CORONATION Street boss Iain MacLeod has revealed that evil Geoff won’t be redeemed because it’d be “too dangerous” for real life victims of abuse.
Geoff (Ian Bartholomew) and Yasmeen (Shelley King) are at the centre of a coercive control storyline that has shocked fans over the last few weeks.
Viewers have watched in horror as Geoff appears to avoid justice after abusing Yasmeen for months.
But Coronation Street bosses promise the villain will have his comeuppance for his coercive and controlling behaviour.
As she awaits trial for attempted murder, fans are now worried that Geoff will get off scott free, but Corrie boss Iain says this won’t be the case.
Speaking exclusively to HOAR he said: “Typically abusers of this type do not get better so it would be dangerous to redeem Geoff and god willing anyone as evil as Geoff could change, but most cases don’t see the perpetrator just changing the error of their ways.
“I would never want to give any real abusers in the world an opportunity to say ‘well look at Geoff, he can change his life around.’
“It would be a dangerous position to say that the abuser in the story is better when in most realities they aren’t.”
Iain also hinted that things could turn against the evil magician – as his son Tim’s mum could expose the truth.
He said: “It would be highly unlikely that Geoff had never committed these behaviours previously.
“What we have discovered from our research is that perpetrators have a cyclical pattern of behaviour.

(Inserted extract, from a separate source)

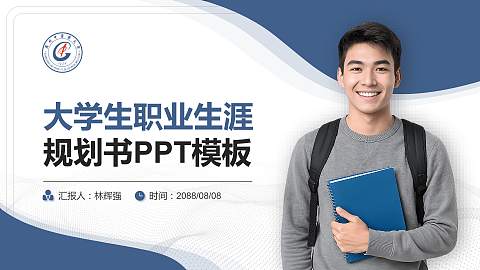 广州中医药大学大学生职业生涯规划书PPT模板下载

Meanwhile, Coronation Street received a huge 276 complaints to Ofcom about Friday night’s episode that saw Yasmeen defend herself from abusive husband Geoff.
In one of the most gruesome scenes ever seen on Corrie, Yasmeen hit Geoff with a wine bottle which breaks after he attacked her with a knife, and then she stabs him in the neck with the broken shards.
The regulator told HOAR it was looking into the complaints and would soon make a decision about whether to further investigate or not.
An Ofcom spokesperson said: “We are assessing the complaints against our broadcasting rules, but are yet to decide whether or not to investigate.”